Life doesn’t just continue during election time, it actually seems to sidestep it, as if elections were an unsavoury, desperate-to-be-stepped-into puddle, from this admittedly underground ‘street’ view. You wouldn’t have guessed that the PM had conducted a road show just the previous evening, with crowds paving the route as if it was Pep Guardiola’s side on a victory bus passing through a Manchester thoroughfare.
With this motley Metro crowd, I feel a genuine sense of camaraderie. They can probably all relate to Arthur O’Shaughnessy’s poem that starts with the line, ‘We are the music makers,’ tweaked to the opening stanza: ‘We are the non-voters,/ And we are the dreamers of dreams,/ Wandering by lone sea-breakers,/ And sitting by desolate streams; -/ World-losers and world-forsakers,/ On whom the pale moon gleams:/ Yet we are the movers and shakers/ Of the world for ever, it seems.’
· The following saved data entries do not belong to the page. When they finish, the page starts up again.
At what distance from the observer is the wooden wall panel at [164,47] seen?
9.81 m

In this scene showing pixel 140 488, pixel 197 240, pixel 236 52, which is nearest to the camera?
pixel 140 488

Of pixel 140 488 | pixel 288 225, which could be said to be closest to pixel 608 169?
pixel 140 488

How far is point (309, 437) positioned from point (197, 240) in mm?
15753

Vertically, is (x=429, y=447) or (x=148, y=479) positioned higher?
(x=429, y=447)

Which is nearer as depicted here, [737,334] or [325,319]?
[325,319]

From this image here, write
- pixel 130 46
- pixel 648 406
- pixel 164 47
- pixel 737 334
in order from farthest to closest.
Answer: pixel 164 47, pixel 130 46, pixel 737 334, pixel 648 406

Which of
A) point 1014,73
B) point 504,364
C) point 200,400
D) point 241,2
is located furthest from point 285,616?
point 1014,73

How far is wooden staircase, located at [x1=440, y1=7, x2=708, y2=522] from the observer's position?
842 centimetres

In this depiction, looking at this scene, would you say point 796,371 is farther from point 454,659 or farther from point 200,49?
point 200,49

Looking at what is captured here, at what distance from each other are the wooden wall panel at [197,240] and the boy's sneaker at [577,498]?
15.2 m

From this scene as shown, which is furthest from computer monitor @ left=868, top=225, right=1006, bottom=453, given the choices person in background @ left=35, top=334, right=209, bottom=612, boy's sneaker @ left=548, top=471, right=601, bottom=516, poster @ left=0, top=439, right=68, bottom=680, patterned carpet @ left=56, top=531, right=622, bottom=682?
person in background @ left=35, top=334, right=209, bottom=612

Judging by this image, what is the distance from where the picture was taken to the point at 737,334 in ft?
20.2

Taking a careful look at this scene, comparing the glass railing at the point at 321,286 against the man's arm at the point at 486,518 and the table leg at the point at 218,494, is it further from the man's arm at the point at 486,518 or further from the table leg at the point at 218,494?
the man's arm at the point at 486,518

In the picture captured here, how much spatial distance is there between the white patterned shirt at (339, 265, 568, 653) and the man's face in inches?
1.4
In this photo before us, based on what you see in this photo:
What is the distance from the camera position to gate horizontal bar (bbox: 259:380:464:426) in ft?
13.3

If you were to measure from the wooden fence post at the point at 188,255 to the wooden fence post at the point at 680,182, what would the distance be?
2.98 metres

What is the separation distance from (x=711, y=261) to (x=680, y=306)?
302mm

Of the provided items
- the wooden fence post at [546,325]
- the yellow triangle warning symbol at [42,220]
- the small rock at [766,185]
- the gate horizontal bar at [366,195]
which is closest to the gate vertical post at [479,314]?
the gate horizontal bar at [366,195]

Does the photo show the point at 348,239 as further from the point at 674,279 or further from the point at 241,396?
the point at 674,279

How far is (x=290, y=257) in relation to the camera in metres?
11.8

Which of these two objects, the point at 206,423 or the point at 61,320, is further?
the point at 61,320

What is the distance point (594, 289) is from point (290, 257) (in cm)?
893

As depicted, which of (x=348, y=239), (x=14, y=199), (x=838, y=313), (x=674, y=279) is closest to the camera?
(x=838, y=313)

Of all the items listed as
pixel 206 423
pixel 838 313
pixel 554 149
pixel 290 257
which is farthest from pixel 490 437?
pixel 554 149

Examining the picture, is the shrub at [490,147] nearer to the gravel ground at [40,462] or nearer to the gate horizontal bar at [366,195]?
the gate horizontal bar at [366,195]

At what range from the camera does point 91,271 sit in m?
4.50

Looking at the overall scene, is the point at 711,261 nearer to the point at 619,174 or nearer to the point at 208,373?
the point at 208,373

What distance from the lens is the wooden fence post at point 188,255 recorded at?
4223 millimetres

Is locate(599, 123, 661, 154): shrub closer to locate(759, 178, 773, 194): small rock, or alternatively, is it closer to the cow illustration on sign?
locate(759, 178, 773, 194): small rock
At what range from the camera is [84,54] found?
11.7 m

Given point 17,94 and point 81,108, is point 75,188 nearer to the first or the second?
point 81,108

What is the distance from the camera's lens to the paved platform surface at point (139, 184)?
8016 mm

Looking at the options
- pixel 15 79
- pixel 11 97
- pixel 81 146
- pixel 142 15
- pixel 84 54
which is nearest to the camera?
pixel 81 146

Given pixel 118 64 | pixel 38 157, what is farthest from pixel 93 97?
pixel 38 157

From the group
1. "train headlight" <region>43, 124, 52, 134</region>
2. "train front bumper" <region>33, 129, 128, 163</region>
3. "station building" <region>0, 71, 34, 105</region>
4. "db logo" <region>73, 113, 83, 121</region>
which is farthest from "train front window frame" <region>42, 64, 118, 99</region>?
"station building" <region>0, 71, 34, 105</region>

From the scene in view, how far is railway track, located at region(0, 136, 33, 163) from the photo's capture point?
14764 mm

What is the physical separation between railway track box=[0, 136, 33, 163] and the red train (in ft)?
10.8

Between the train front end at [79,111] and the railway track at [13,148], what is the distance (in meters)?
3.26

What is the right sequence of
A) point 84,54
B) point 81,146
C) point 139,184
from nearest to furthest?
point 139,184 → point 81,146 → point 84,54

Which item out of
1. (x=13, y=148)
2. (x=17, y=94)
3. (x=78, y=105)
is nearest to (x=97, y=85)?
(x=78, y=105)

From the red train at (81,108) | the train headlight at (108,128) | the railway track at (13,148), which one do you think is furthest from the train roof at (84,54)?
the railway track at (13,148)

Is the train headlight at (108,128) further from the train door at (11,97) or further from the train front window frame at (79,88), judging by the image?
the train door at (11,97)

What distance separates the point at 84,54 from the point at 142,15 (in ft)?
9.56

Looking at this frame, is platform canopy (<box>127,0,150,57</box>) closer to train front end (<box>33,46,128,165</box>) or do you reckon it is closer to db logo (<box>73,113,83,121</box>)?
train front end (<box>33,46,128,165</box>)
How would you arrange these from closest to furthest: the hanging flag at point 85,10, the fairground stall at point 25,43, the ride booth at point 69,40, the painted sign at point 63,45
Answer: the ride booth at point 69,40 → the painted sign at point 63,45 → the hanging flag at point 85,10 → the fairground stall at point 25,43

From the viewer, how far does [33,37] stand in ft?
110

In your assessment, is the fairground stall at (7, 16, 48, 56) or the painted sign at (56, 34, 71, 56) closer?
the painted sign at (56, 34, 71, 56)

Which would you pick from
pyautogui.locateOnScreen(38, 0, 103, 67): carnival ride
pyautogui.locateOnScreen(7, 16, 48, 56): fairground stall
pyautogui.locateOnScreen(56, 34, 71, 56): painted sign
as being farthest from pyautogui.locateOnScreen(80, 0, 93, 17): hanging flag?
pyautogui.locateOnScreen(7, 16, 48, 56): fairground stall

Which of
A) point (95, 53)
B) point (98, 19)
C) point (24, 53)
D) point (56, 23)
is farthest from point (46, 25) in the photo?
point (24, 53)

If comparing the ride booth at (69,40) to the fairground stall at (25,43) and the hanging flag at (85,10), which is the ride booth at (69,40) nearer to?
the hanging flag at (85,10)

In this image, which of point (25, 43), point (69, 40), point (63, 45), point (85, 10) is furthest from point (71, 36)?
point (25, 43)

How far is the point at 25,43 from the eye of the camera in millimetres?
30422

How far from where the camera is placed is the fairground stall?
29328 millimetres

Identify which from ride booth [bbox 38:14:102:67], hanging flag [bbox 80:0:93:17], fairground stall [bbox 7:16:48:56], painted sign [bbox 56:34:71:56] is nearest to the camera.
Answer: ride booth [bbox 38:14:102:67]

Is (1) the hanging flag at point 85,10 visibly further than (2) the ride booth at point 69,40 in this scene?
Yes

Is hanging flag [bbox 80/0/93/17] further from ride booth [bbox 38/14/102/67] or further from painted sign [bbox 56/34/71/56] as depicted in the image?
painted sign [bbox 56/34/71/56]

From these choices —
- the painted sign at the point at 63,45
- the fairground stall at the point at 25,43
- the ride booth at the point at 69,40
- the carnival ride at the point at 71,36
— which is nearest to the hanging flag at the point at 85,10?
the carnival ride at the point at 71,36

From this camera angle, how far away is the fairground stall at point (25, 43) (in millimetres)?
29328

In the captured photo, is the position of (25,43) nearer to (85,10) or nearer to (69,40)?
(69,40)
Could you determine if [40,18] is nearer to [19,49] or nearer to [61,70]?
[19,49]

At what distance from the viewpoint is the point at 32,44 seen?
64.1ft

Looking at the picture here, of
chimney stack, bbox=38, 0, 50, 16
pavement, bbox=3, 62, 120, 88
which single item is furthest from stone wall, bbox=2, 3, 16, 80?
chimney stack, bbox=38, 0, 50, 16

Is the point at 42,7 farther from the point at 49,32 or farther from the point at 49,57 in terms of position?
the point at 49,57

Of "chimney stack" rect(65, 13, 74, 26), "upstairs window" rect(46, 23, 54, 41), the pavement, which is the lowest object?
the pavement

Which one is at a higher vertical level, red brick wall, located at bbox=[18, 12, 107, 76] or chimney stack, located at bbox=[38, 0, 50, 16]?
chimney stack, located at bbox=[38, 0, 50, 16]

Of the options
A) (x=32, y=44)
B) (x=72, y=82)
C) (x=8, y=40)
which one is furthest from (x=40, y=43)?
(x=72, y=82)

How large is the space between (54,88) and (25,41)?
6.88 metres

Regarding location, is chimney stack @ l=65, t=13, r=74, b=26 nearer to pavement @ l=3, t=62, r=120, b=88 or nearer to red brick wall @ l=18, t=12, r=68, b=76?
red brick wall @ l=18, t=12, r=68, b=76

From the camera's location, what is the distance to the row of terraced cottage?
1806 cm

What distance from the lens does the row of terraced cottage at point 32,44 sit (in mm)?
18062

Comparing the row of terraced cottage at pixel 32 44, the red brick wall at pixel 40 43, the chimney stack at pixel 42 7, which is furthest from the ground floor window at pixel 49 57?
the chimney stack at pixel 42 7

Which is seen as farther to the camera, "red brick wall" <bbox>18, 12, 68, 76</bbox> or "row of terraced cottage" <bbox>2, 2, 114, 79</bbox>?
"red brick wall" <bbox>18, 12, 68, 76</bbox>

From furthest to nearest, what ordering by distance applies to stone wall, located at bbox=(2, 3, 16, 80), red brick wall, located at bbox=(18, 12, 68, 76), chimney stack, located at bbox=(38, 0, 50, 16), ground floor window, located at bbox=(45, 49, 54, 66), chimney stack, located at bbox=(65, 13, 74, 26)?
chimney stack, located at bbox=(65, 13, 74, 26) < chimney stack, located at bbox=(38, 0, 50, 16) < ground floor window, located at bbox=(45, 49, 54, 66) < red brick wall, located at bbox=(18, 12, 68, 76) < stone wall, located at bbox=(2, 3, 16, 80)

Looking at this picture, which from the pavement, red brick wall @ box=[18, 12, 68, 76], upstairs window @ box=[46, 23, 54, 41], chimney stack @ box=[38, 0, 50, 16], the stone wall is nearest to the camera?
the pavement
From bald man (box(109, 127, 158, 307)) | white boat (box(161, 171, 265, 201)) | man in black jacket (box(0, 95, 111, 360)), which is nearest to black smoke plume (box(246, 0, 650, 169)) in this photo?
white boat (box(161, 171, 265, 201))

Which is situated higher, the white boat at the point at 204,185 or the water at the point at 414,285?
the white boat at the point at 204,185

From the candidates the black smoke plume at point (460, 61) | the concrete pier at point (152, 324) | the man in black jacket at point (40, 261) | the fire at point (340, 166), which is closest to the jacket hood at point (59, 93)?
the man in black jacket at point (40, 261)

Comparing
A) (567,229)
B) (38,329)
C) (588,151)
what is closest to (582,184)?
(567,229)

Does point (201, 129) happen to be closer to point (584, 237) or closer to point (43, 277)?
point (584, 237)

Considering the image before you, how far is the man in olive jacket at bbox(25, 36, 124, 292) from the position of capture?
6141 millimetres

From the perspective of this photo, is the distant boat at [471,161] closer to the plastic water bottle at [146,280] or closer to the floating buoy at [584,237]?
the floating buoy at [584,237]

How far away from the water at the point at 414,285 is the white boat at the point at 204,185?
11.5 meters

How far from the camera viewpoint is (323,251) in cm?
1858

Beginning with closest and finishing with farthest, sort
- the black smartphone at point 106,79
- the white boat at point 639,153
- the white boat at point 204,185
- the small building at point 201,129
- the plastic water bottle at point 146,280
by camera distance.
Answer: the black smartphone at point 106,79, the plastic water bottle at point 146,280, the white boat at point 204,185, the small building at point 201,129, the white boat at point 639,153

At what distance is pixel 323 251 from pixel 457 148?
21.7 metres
Sitting inside the hurtling train, I imagined all of us free from the hypnotic spell of ‘Vote, or else…’ The non-voters – forever consigned into invisibility in voter turnout news reports by the percentage that did come out to vote – know that their voice counts for squat in what they believe to be an already almost-decided contest. They know that despite all that highfalutin talk about voting being ‘a duty‘ that celebrities roped in by EC drone on about, each vote counts only to buttress a mandate in an unevenly contested match. If elections are a ‘dance of democracy,’ to quote the appropriately titled Beatles song, ‘Helter Skelter’, ‘Well, you may be a lover/ But you ain’t no dancer.’ The non-voter doesn’t fall for the non sequitur of NOTA. What kind of presumptuous gesture is voting for ‘none of the above’? Only the self-righteous – and Lee Falk’s vintage comic book creation, The Phantom – go up to a bar and order a glass of milk.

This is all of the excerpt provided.